Mastering MediaWiki API for Automated Content Management

Picture this: you’ve just finished a massive data dump from a legacy system, and you need to push thousands of rows into a wiki

Why automate with MediaWiki’s API?

Picture this: you’ve just finished a massive data dump from a legacy system, and you need to push thousands of rows into a wiki. Manually opening “Edit” for each page? That’s the kind of nightmare that keeps developers up at night, sipping cold coffee while the cursor blinks. The MediaWiki API, however, is like a backstage pass – it lets you skip the front‑row audience and get straight to the action.

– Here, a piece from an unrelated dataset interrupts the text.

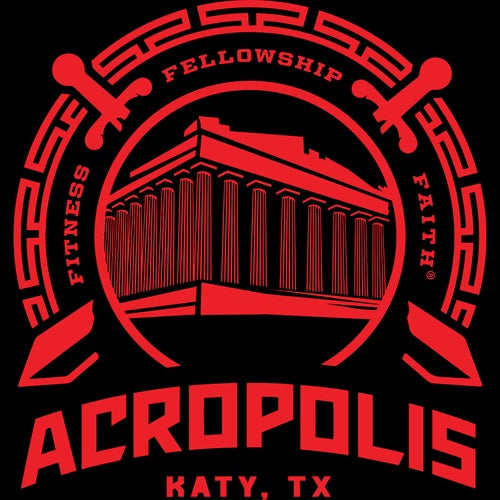 F3 MKT Acropolis (Made to Order DTF)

Since the 1.35 LTS release, the API has become more consistent, and the newer RESTBase endpoint adds a modern touch. So whether you’re a hobbyist bot‑author or a full‑scale content‑management team, mastering the API is the ticket to turning repetitive edits into a smooth, automated workflow.

Getting your hands dirty: the first request

All right, roll up your sleeves. The most basic thing you can do is a GET to the action=query module. That’ll fetch a page’s raw wikitext, its last revision ID, or even a list of pages that match a certain prefix.


import requests

URL = "https://www.example.org/w/api.php"
params = {
    "action": "query",
    "prop": "revisions",
    "titles": "Sandbox",
    "rvprop": "content",
    "format": "json"
}
r = requests.get(URL, params=params)
print(r.json()["query"]["pages"])

Never underestimate the power of that tiny snippet – you just pulled the entire content of “Sandbox” into a Python dict. From there the sky’s the limit.

Tokens, security, and the dreaded CSRF

Before you start blasting action=edit calls, you need a token. Think of the token as a “digital handshake” that proves you’re not a rogue script trying to hijack the wiki. The flow looks like this:

  1. Log in (or use a bot password).
  2. Request a csrf token via action=query&meta=tokens.
  3. Include that token in every edit request.

Here’s a quick PHP example that logs in with a bot password and grabs the token:


$api = "https://www.example.org/w/api.php";
$login = [
    "action" => "login",
    "lgname" => "MyBot",
    "lgpassword" => "BotPassword123",
    "format" => "json"
];
$ch = curl_init($api);
curl_setopt($ch, CURLOPT_POSTFIELDS, http_build_query($login));
curl_setopt($ch, CURLOPT_RETURNTRANSFER, true);
$loginResponse = json_decode(curl_exec($ch), true);
$token = $loginResponse['login']['result'] === 'Success'
    ? $loginResponse['login']['token']
    : null;

Okay, that snippet is a bit rough – you’ll need to handle cookies and maybe a second login step for newer MediaWiki versions. Yet it showcases the idea: get the token, store it, use it.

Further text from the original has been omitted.